Unpublished Superman story

"The Secret of The K-Metal" is the second installment of The K-Metal from Krypton Trilogy; originally an unpublished Superman comic book story written by Jerry Siegel in 1940 and illustrated by the Joe Shuster Studio. National Comics Publications (later to become DC Comics) never published the story. Although the comic contained plot elements that the publishers may have seen as potentially damaging to the franchise, such as Superman revealing his secret identity to Lois Lane, the reason that the story was never published is ultimately not known.

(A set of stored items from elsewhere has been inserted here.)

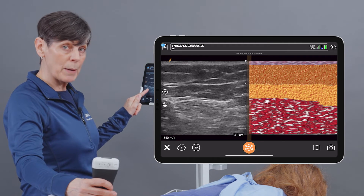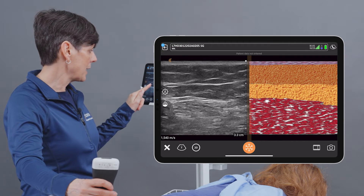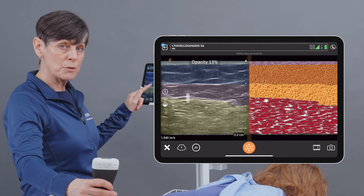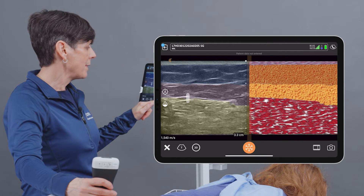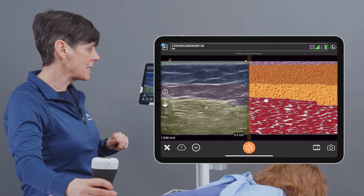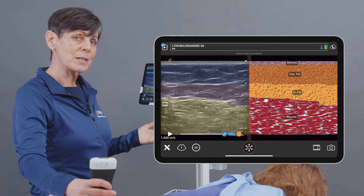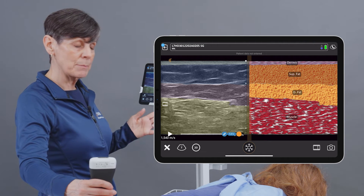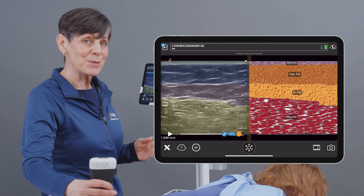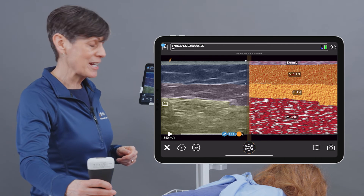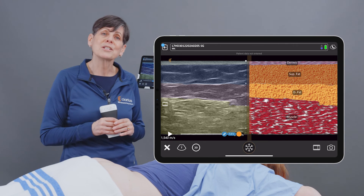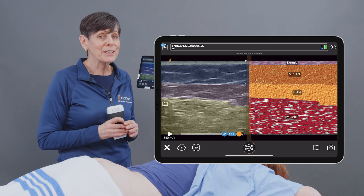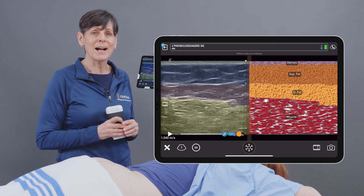Now I can adjust the opacity of my grayscale image if I like, and that's to the user's preference. And then once we freeze the image, we get an added bonus of text labels on top of the anatomy. So it's like having an anatomy book right before your very eyes. There's no need to be intimidated by ultrasound imaging. Have fun learning ultrasound with T-Mode AI.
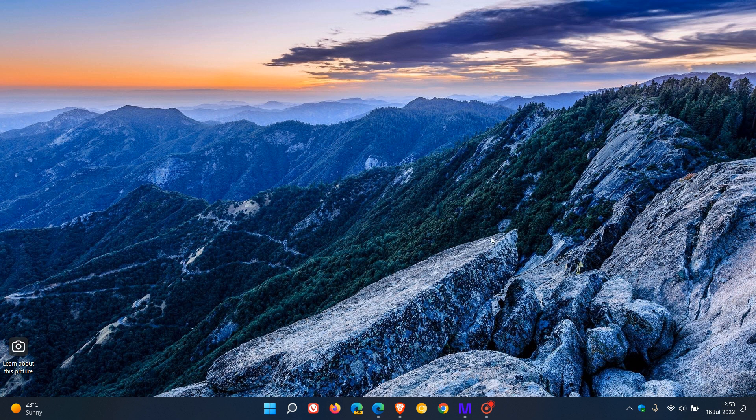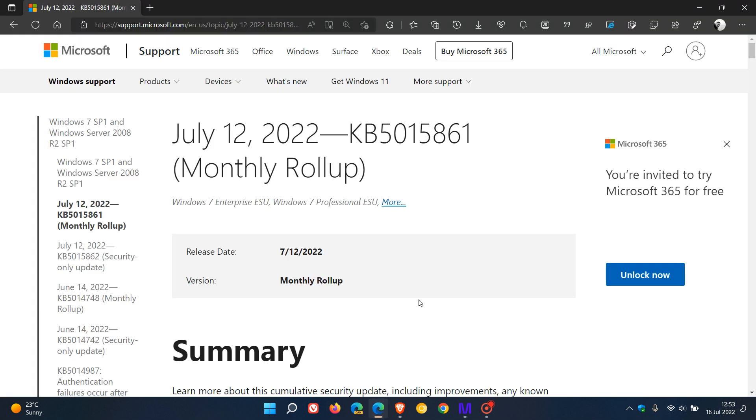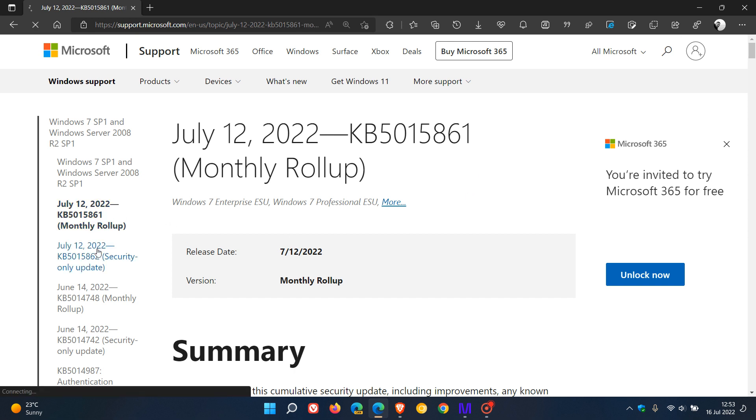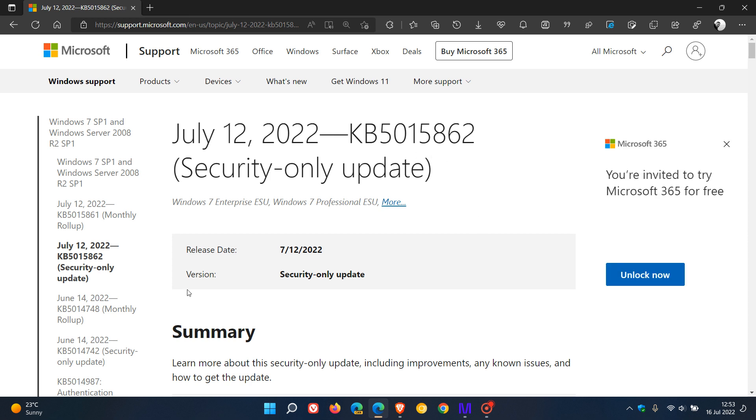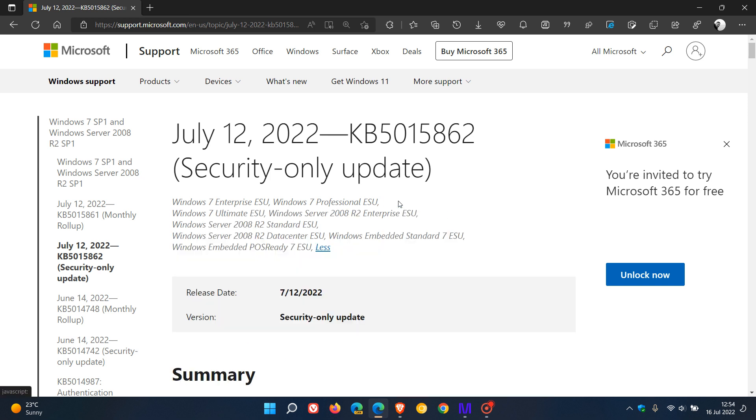And as you may know, as I did post on earlier this week, Microsoft rolled out updates for Windows 7, KB5015861, which was their monthly roll-up, and then also KB5015862, which were their security updates for the month of July for Patch Tuesday. And that was for their extended support versions of the Windows 7 operating system, as you can see here in the description underneath the update.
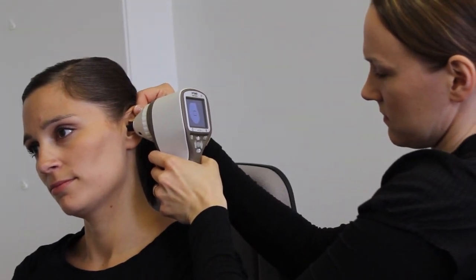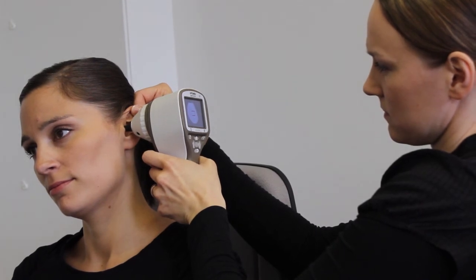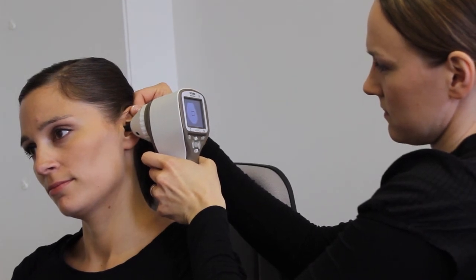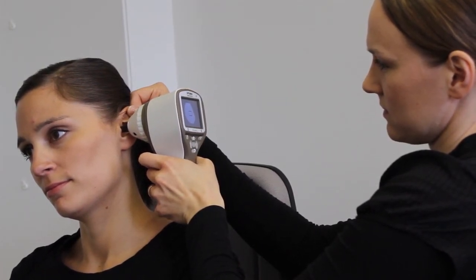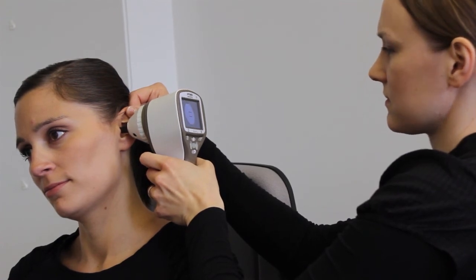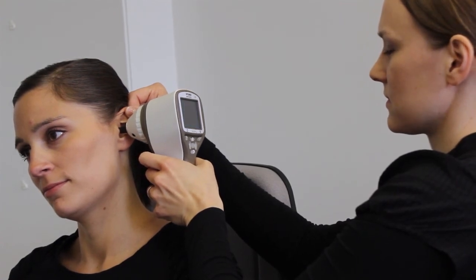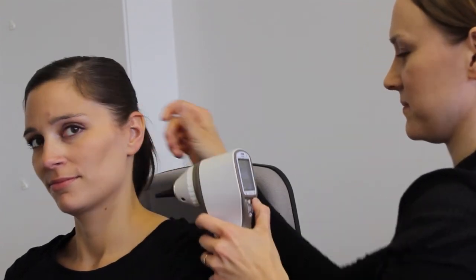If needed, activate the zoom by pressing the right soft key. Use the arrows up and down to adjust the zoom level. Capture the image by pressing the shutter button.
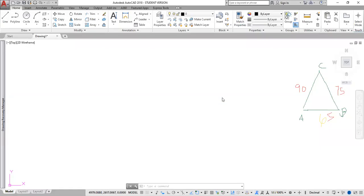Good morning, gentlemen. Today's topic is triangle. At the end of this class, you should be able to construct a triangle ABC giving the length of all three sides. You should also be able to construct a triangle when giving the base, the base angle, and altitude. You should also be able to construct a triangle when giving two sides and the included angle, or giving the hypotenuse and one side.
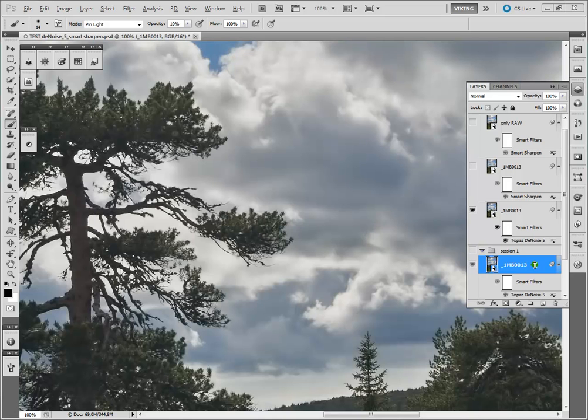Hello, my name is Martin and in this video I'd like to show you how effective Topaz Denoise 5 in combination with the Smart Sharpen filter is.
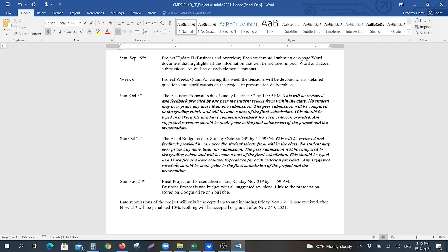As far as the project goes, late submissions of the project will only be accepted up to and including Friday, November 26th, which is the last day of classes. Those received after November 21st will be penalized 10%. Nothing will be accepted or graded after November 26th.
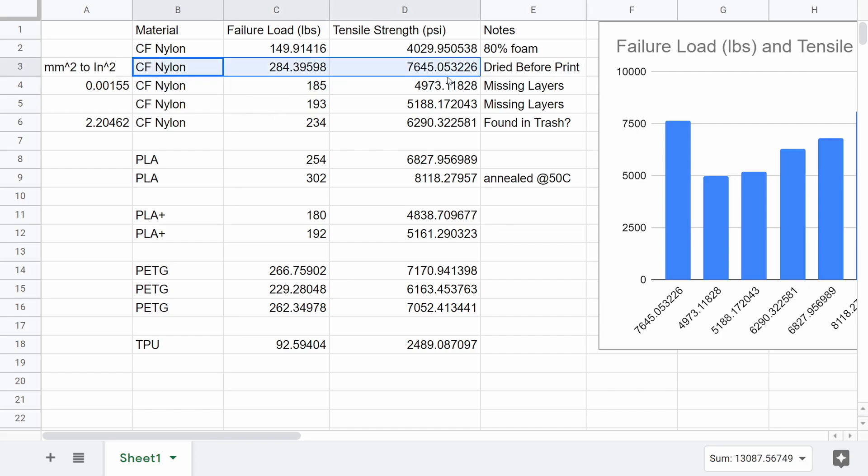Overall, carbon fiber nylon has some advantages over PLA and PETG, and that has more to do with toughness and resistance to high temperatures, but I wasn't able to evaluate that in this video. But I'm planning on doing some follow-up videos where I look into the other properties of carbon fiber nylon.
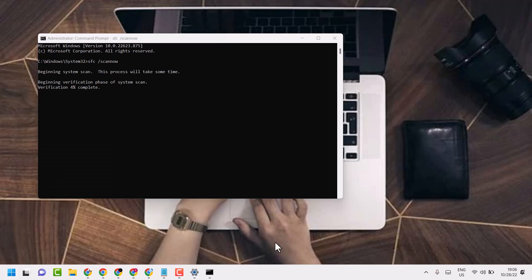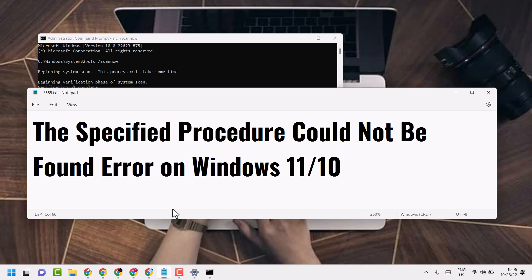This is the setting and method guys. You can fix and resolve the specified processor could not be found error on Windows 11 or 10. Thanks for watching and comment if this method worked for you or not.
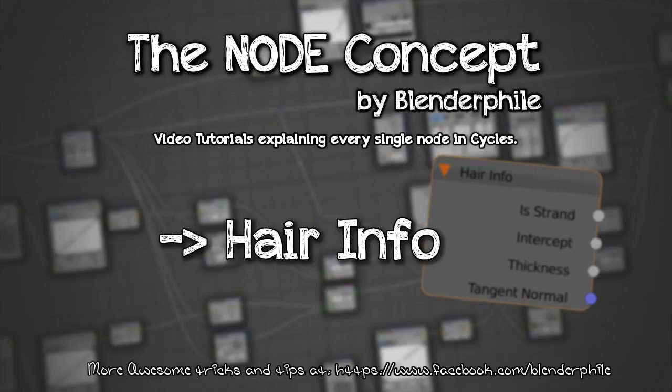Hi there, I am Rajkhrishan Ghosh from Blender File, and today we will have a closer look at the Hair Info node.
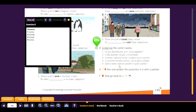'Does it rain in autumn in your country?' Here we use 'rain' as a verb because the question uses 'does,' which requires a verb. Compare: 'Does it rain?' uses the verb; 'Is it rainy?' uses the adjective.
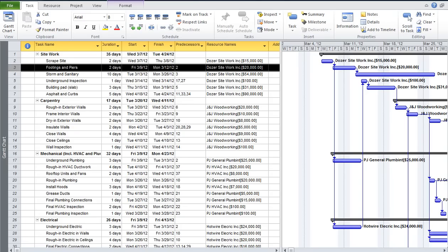In this tutorial, we'll take a look at Microsoft Project 2010 and setting up a project that uses a fixed cost for each activity that's been awarded to subcontractors.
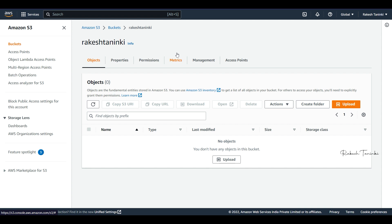Hi everyone, welcome back to another video on AWS cloud. In this video we will show you a practical demonstration and a conceptual explanation.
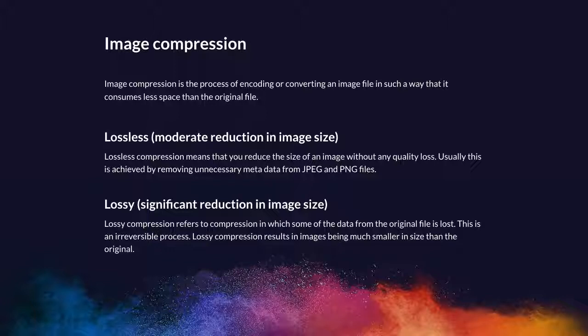The other way is to use lossy compression. This refers to compression in which some of the data from the original file is lost. Lossy compression results in images being much smaller in size than the original, and this is the best way to achieve considerable gains when you want your images to download quicker.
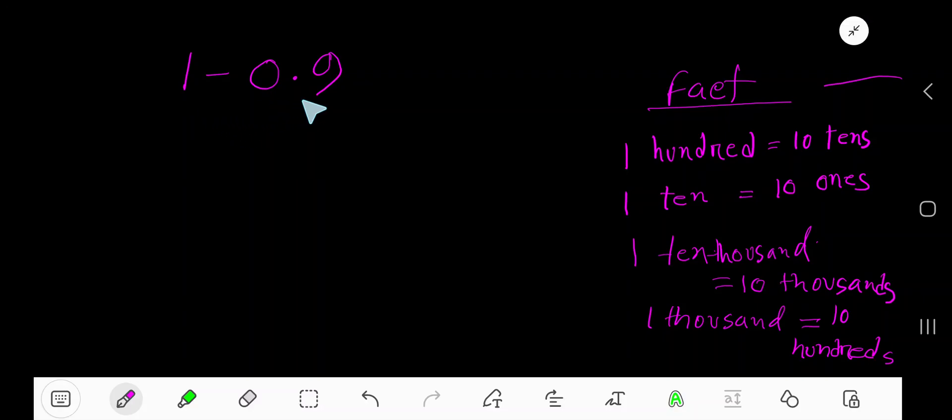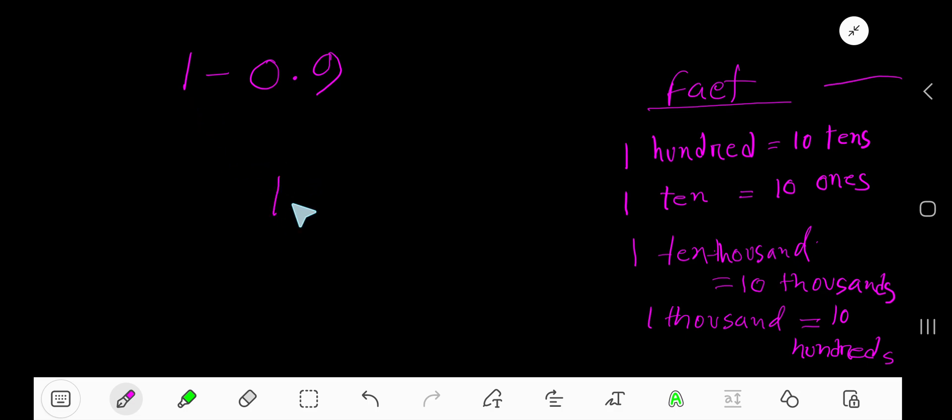1 minus 0.9 - that is how to subtract a decimal number from a whole number. 1 is a whole number.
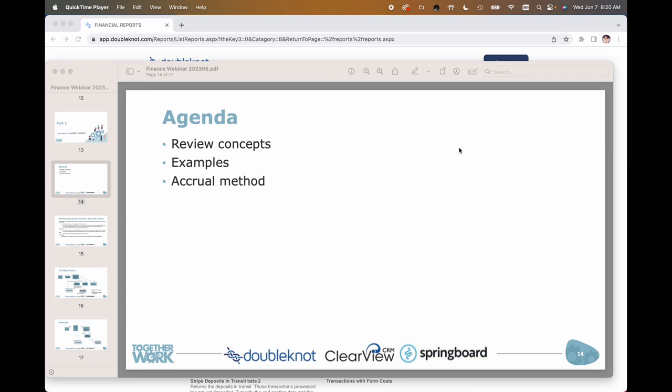Hello everybody, and welcome to part two of the financial webinar. Last week we went over part one and talked about a number of different things. We got some really good feedback — it was helpful to most of you, though some thought it went into a little too much detail. So I thought I'd start today by reviewing some of the basic concepts from last week and see if I can add more clarity to that.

This storyline features the precursor to Kryptonite called "K-Metal" and Lois learning that Clark Kent is Superman.

The story remained forgotten and unknown from 1941 until 1988, when Jerry Siegel's original script and story outline were rediscovered in deep storage in the DC Comics library by Mark Waid.
==Restoration==
The currently known original story pages were worked on by Wayne Boring, Paul Cassidy, Dan Komisarow, Leo Nowak, John Sikela, and Joe Shuster. Additional contemporary artists contributed to the restoration effort, including Jon Bogdanove, who contributed two pages of new artwork to the project. The comic has been restored, colored, and published online as a mixture of finished original pages and finished pages of contemporary artwork. The website includes all completed pages. Where available, scans of the original 1940 artwork are also included. The restoration team is looking for any additional copies of missing pages that can be found; and aim to replace any redrawn pages with restorations of originals when available.

==The Trilogy==
The initial goal of the K-Metal restoration project had been to complete and present the original 1940 K-Metal story, previously lost to history. When it became apparent that the completion of this goal was nearing, the team discussed their various ideas for how to continue and expand the project. Ultimately, they agreed on the concept of a trilogy based around the original K-Metal story: adding a prequel episode that consists of Siegel and Shuster's earlier The Reign of the Superman extended with an additional epilogue, and concluding the trilogy with their own all-original, final sequel episode.